### Work to complete:
A word-for-word copy of the data is what's wanted; pictures stay out of it.

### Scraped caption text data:
---+---

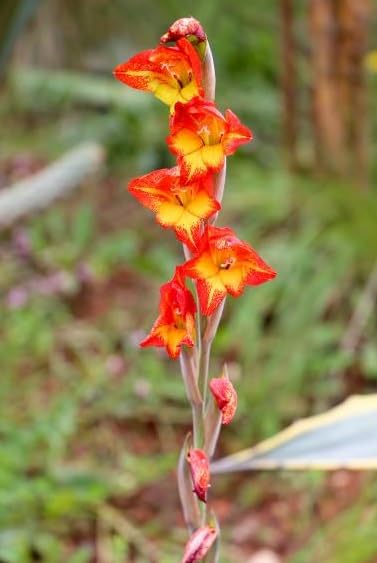 50 Parrot Gladiolus Seeds for Planting - Gladiolus dalenii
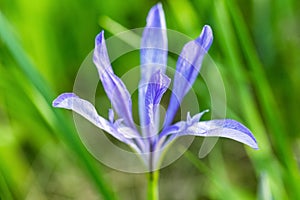 Iris lactea flower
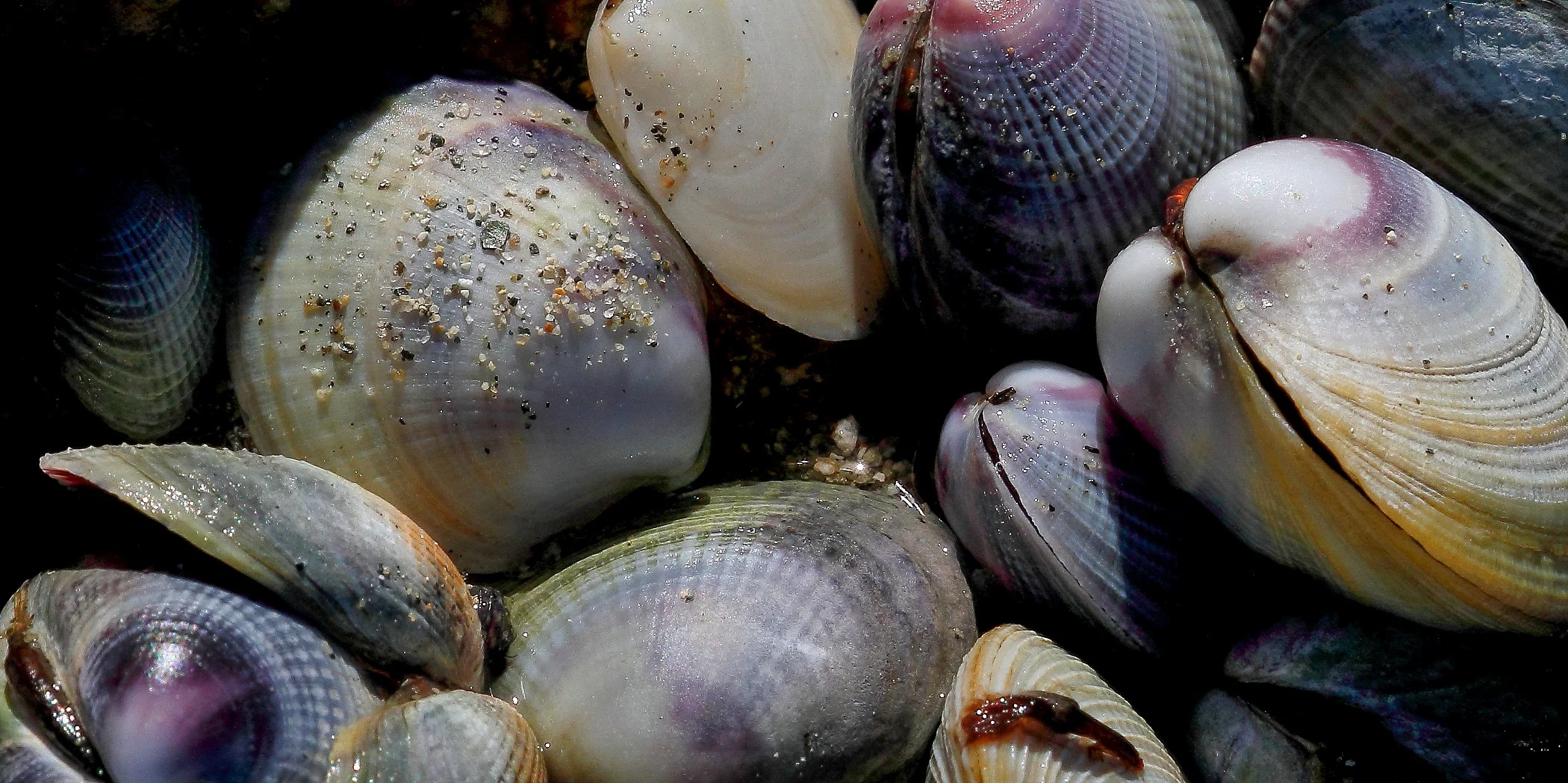 Shells,Cockles,183,-.JPG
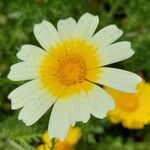 Chrysanthemum coronarium 花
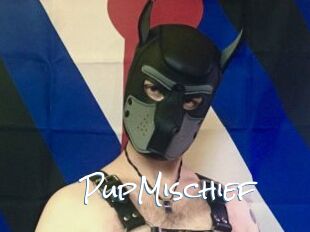 PupMischief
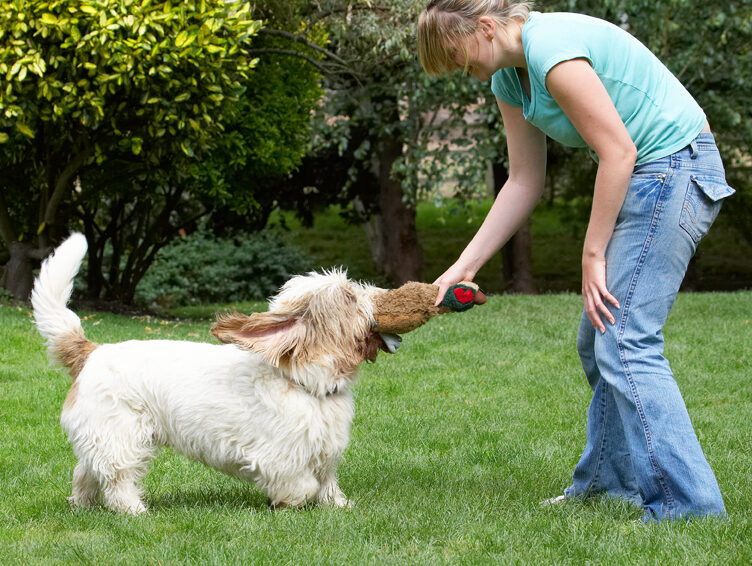 Alfie, Bassett, Blonde, Dog, Dogs, Grand, Hound, Hounds, Kate, Pheasant, Play, Playing, Playtime, Tug-o-war, Vendeen, Woman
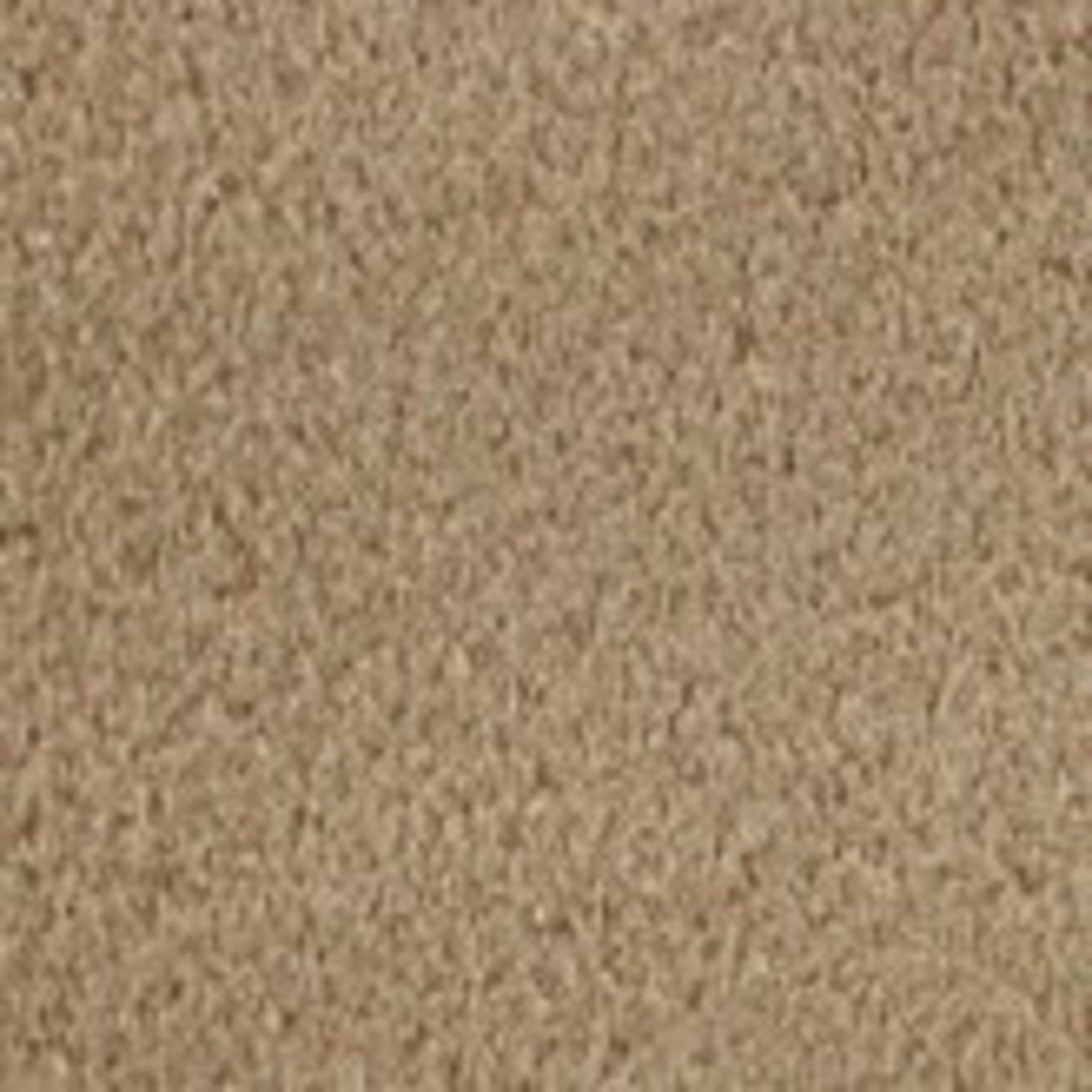 Carpet Bisque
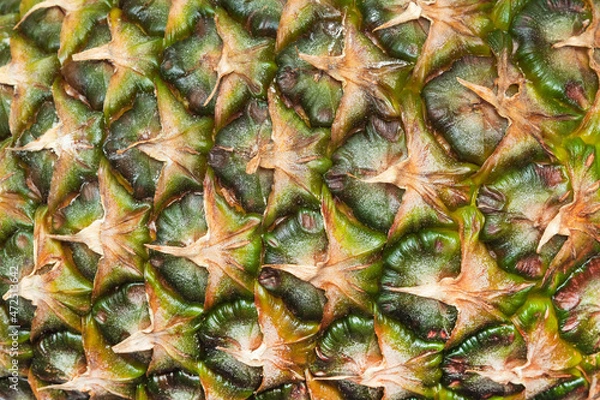 Fototapeta Pineapple skin background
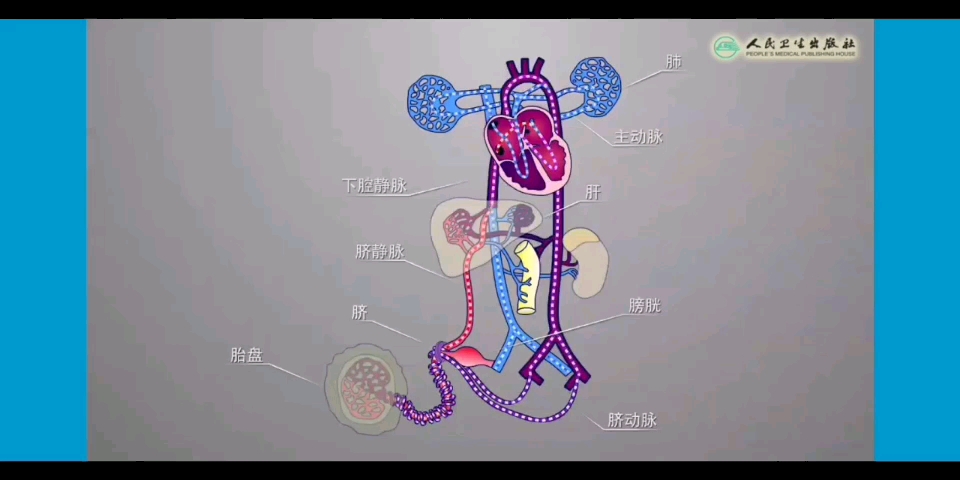 [图]【儿科学】胎儿血液循环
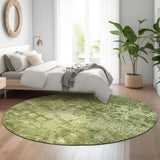 addison mayfield amf577 olive rug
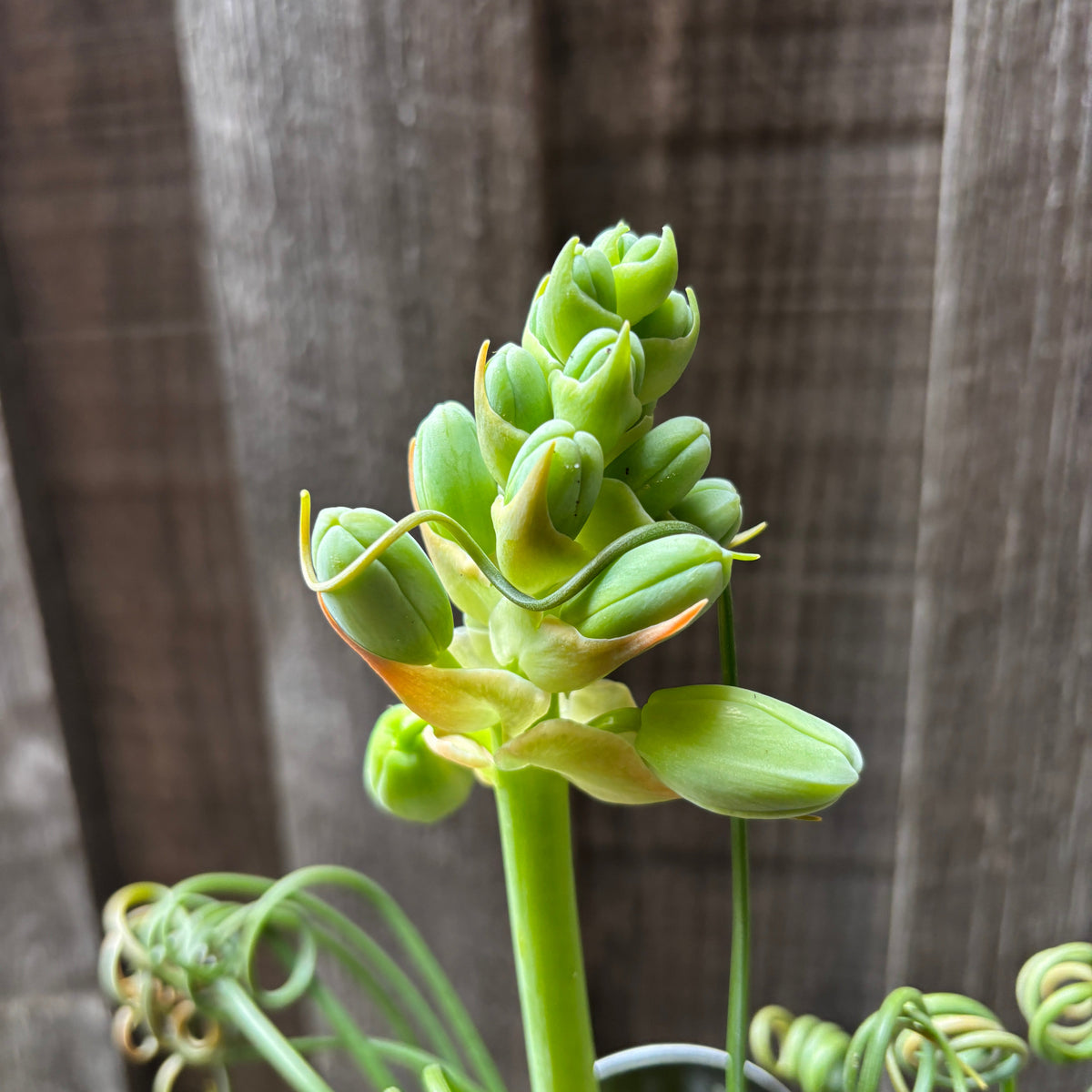 Albuca spiralis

---+---

### Solution for this task:
 50 Parrot Gladiolus Seeds for Planting - Gladiolus dalenii
 Iris lactea flower
 Shells,Cockles,183,-.JPG
 Chrysanthemum coronarium 花
 PupMischief
 Alfie, Bassett, Blonde, Dog, Dogs, Grand, Hound, Hounds, Kate, Pheasant, Play, Playing, Playtime, Tug-o-war, Vendeen, Woman
 Carpet Bisque
 Fototapeta Pineapple skin background
 [图]【儿科学】胎儿血液循环
 addison mayfield amf577 olive rug
 Albuca spiralis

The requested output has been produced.